Lessons not Learned in Afghanistan

Much of the blame-seeking around Afghanistan is not only off-base, but damaging to our national interest.  It’s incredible that even the comparisons with Vietnam talk about the final evacuations, not the failed enterprises.  By concentrating all attention on an asserted “manageable” withdrawal, we’ve given the real perpetrators a pass.

In the last couple of days the NY Times has finally published two good articles.  One by Ezra Klein has the apt title: “Let’s Not Pretend That the Way We Withdrew From Afghanistan Was the Problem”.  In it the author goes over the real options we faced and why.  It’s a good job. My only concern is that while he is exhaustive about the options, he stops short of all the conclusions I’d like to draw.

For that, the other article is essential.  That one was by Sami Sadat, commander of the Afghan Army.  His title is “I Commanded Afghan Troops This Year. We Were Betrayed”.  His point—that the loss was not just the Afghan army’s fault—is not the main point here.  What is important is that he gives a detailed description of the reality faced by the Afghan forces, and that says quite a lot about how much had gone wrong.  There are three points to make:

1.  The war was lost the moment Trump signed the Taliban agreement.

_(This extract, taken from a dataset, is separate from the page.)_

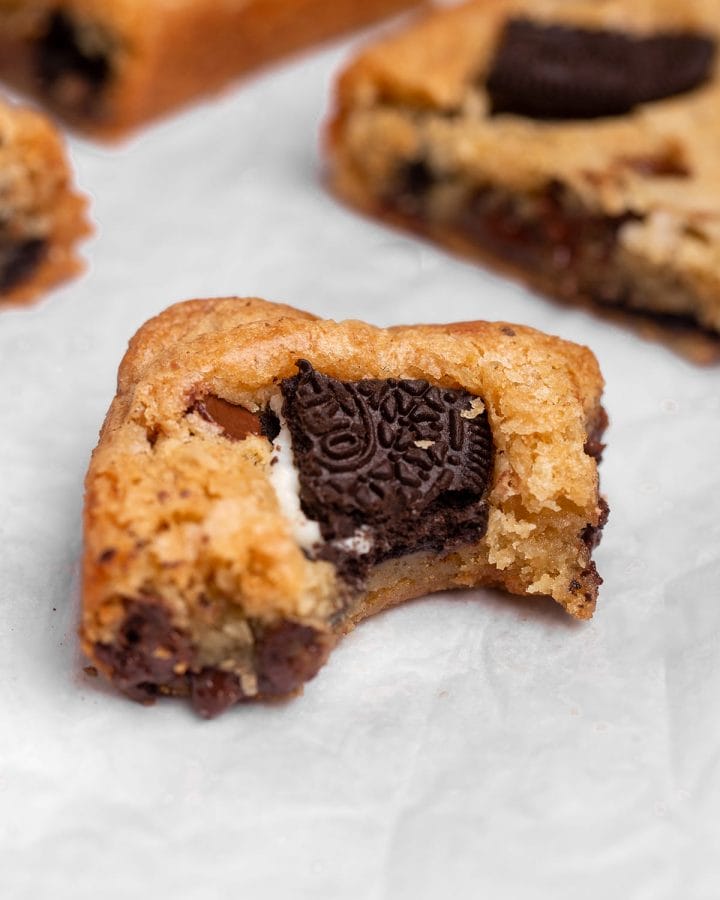 An oreo blondie with a bite taken out of it.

Here’s the quote from the general:

“The Trump-Taliban agreement shaped the circumstances for the current situation by essentially curtailing offensive combat operations for U.S. and allied troops. The U.S. air-support rules of engagement for Afghan security forces effectively changed overnight, and the Taliban were emboldened. They could sense victory and knew it was just a matter of waiting out the Americans. Before that deal, the Taliban had not won any significant battles against the Afghan Army. After the agreement? We were losing dozens of soldiers a day”.

The last bit is particularly important.  Defeat is an exponential process—the likelihood of attrition depends on how bad things look, i.e. on the losses of all kinds beforehand.  Once the process starts it accelerates.  It was an astonishing mistake of US intelligence to believe we had many months, a year and a half even, before a Taliban takeover.  There was no stability once defeat took root. Biden’s late withdrawal of 1200 US troops is not even mentioned by the general, as it was never the issue.

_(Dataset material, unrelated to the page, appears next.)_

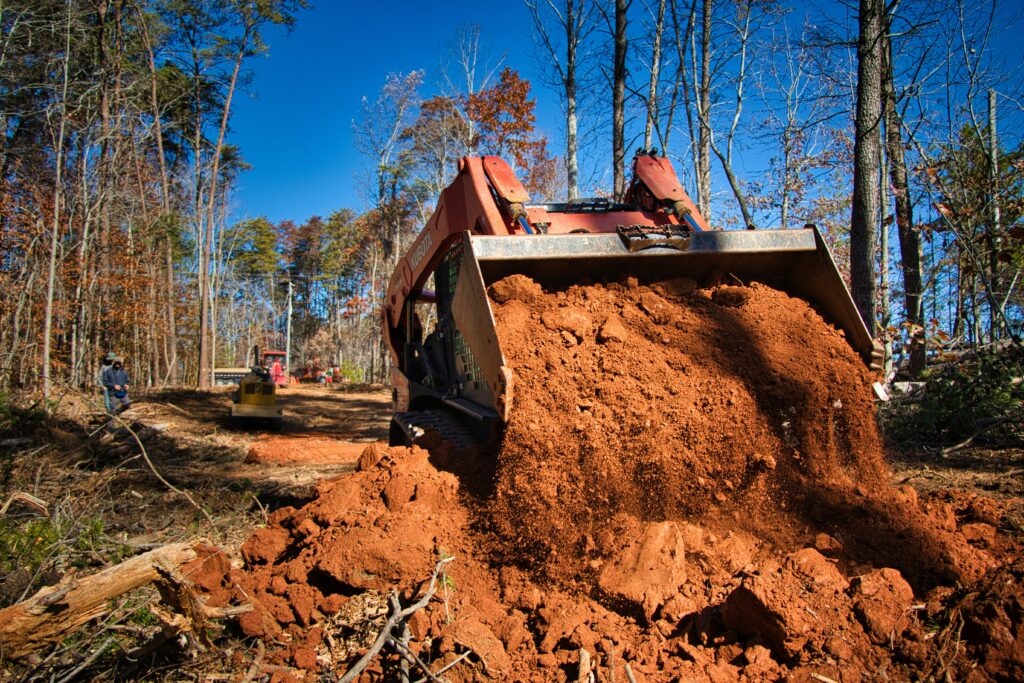 A red dumper truck is moving a large amount of earth to the foreground of the image.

2. There was NO exit plan ever.

Again from the general:

“The Afghan forces were trained by the Americans using the U.S. military model based on highly technical special reconnaissance units, helicopters and airstrikes. We lost our superiority to the Taliban when our air support dried up and our ammunition ran out.

“Contractors maintained our bombers and our attack and transport aircraft throughout the war. By July, most of the 17,000 support contractors had left. A technical issue now meant that aircraft — a Black Hawk helicopter, a C-130 transport, a surveillance drone — would be grounded.

“The contractors also took proprietary software and weapons systems with them. They physically removed our helicopter missile-defense system. Access to the software that we relied on to track our vehicles, weapons and personnel also disappeared. Real-time intelligence on targets went out the window, too”.

The key point is that none of these functions are transferable in weeks or even months to the Afghan army.  This is a rebuke of the entire war effort. That this gap existed means that there was no serious attempt to make the Afghan army self-sufficient.   As for the contractors, the general’s language makes clear that they had no intention of making their valuable, proprietary expertise available to anyone.

3. The Afghan government had lost the support of the population

On this the general’s comment is specific to the military:

“… there was only so much the Americans could do when it came to the well-documented corruption that rotted our government and military. That really is our national tragedy. So many of our leaders — including in the military — were installed for their personal ties, not for their credentials. These appointments had a devastating impact on the national army because leaders lacked the military experience to be effective or inspire the confidence and trust of the men being asked to risk their lives. Disruptions to food rations and fuel supplies — a result of skimming and corrupt contract allocations — destroyed the morale of my troops.”

More generally, Fareed Zakaria cites a US government poll of Afghans in 2018 that “showed that Afghan support for U.S. troops was at 55%, down from 90% a decade earlier”. That’s saying almost half the population was ready to choose an unknown Taliban regime as better than what they had.  With the rampant corruption, participation in the last Afghan election dropped to less than 25%.  The Afghan President Ghani reportedly fled through Kabul to the United Arab Emirates with $169 million in cash.

So, with all of that why were we still in Afghanistan?  That answer is not complicated.

Getting out was always going to be some variant of the mess we’ve just seen.  And there was also a moral argument:  leaving was going to hurt a lot of people in Kabul (though fewer elsewhere).  So people in government wanted to believe a fantasy—that there was a solution.  That is, the Afghan military would defend the state against the Taliban, and everyone would live happily ever after.  That fantasy trumped reality all the way down to the end. 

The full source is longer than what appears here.